Balak: answering our inner angel

donkey (4 years) in front of a white background“They are too numerous for me. Perhaps I can defeat them and drive them off the land.” (Num 22:6)

This comes from the mouth of Balak, King of Moab, in this week’s parasha named for him. The two main characters in this story are Balak the King, and Balaam, a non-Israelite prophet whom Balak hires to come and curse the Israelites for him. Why? Read the first sentence.

This is almost word-for-word the same complaint Pharaoh had about the Israelites in Egypt, “And he said to his people, ‘Look, the Israelite people are much too numerous for us. Let us deal shrewdly  with them, so they may not increase, otherwise in the event of a war, they may join our enemies against us and rise from the ground.’” (Ex 6:9-10)

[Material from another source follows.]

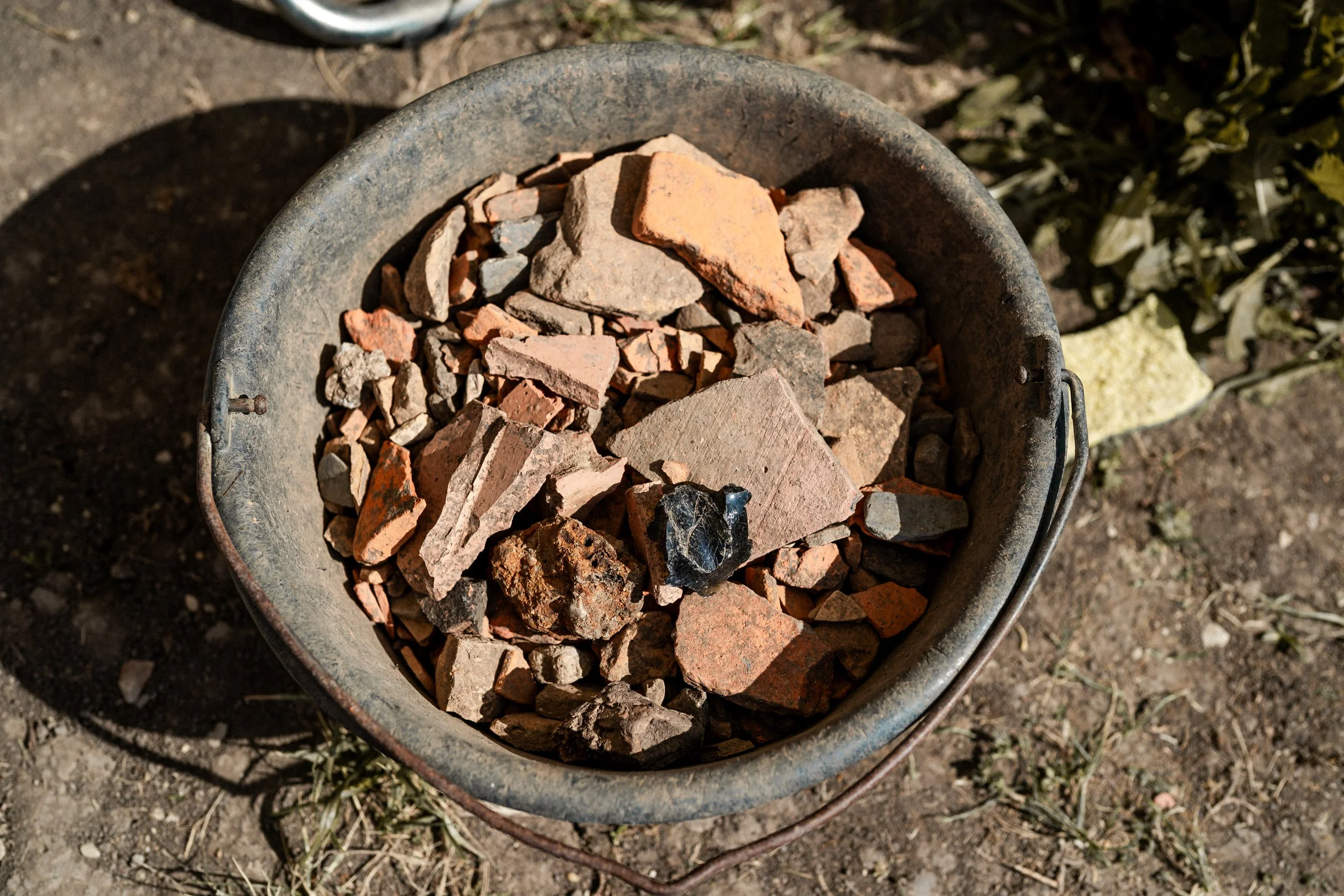 Eimer voller Fundstücke aus einer Grabung der Archäologie - Reportage & Business Fotografin Schaffhausen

When Balaam was hired by the King to curse the Israelites, Balaam told him that he could only say what God told him to say, no guarantees. Three times Balaam tried to curse the Israelites, and three times it came out as a blessing. But Balaam had his blind spot, too…literally. Sitting on his donkey, Balaam tried to get the animal to move. It wouldn’t. Balaam beat the donkey three times, and still the donkey wouldn’t move. Instead, the donkey turned to Balaam and spoke, basically saying, “What have I ever done to you that you beat me? Have I ever failed you before?” What the donkey saw, and finally Balaam saw, was that an angel of God was blocking the road. The angel reiterated that Balaam can only say what God tells him to say. Ultimately, Balaam could only bless the people, which annoyed Balak greatly, but the King could do nothing about it.

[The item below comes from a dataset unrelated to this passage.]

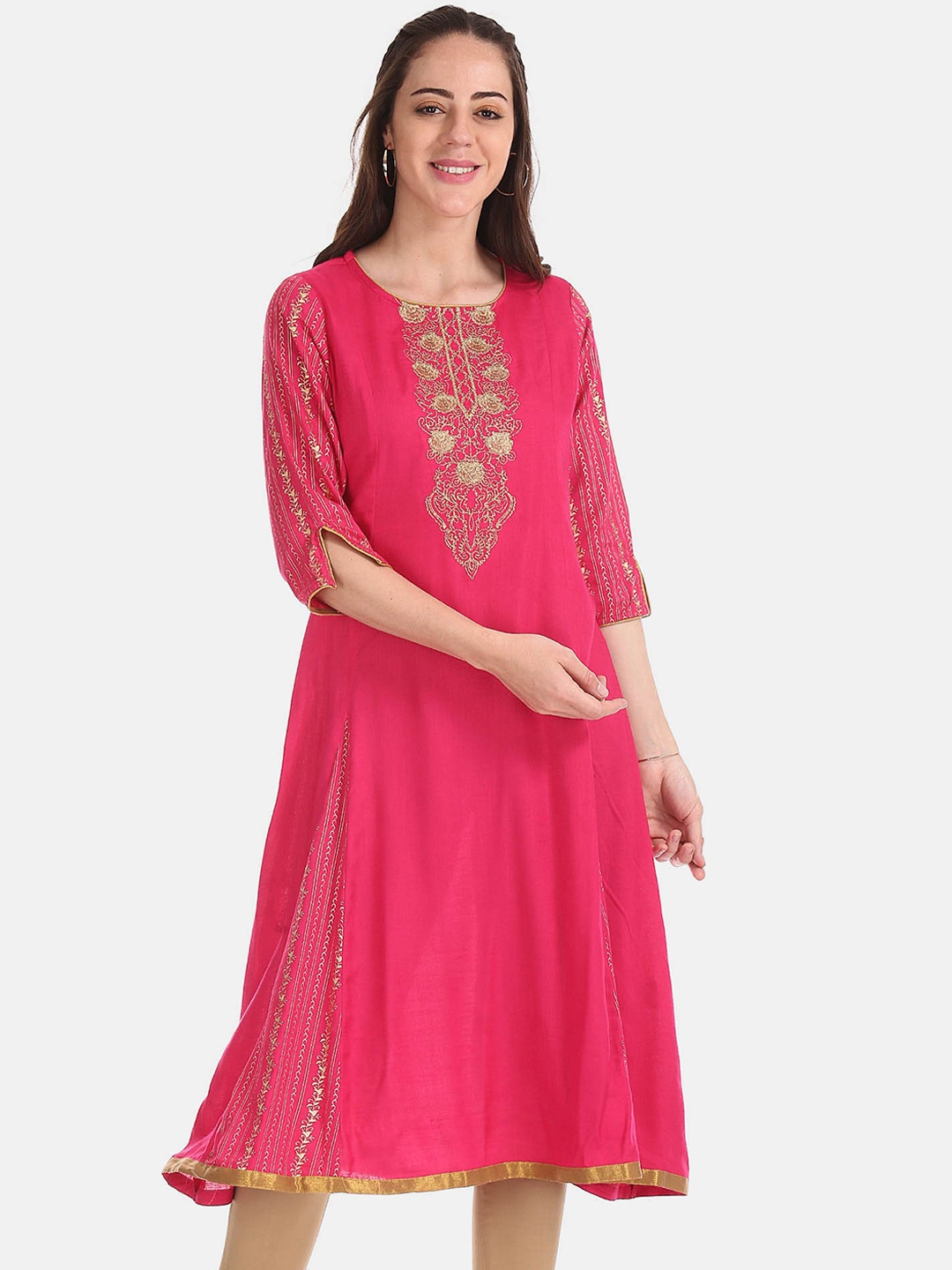 

Anahi Women Pink Floral Embroidered Thread Work Kurta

These are not new concepts. Being afraid of newcomers, people who threaten the majority, people who are different, people who need to be driven off the land…..gee, where have we heard that lately? People who think they know best, who fear outsiders, harm them, put stumbling blocks in their way, intending to drive them away, are like Balaam; refusing to see what’s right in front of them, if only they open their eyes. It was arrogance that blinded Balaam into thinking only he knew what God wanted, and the truth came from an unexpected source. Balak may have operated from fear and bigotry, but Balaam too operated from a place where he couldn’t see what was right in front of his eyes.

Finally, Balaam’s eyes were clear and he could stand up to Balak. Would that those around the bigoted, paranoid leader trying to get others to curse the outsiders, would also gain clarity. We must be like Balaam, and refuse to curse those who are different, who are outsiders, and instead, answer to the inner angel that speaks the truth.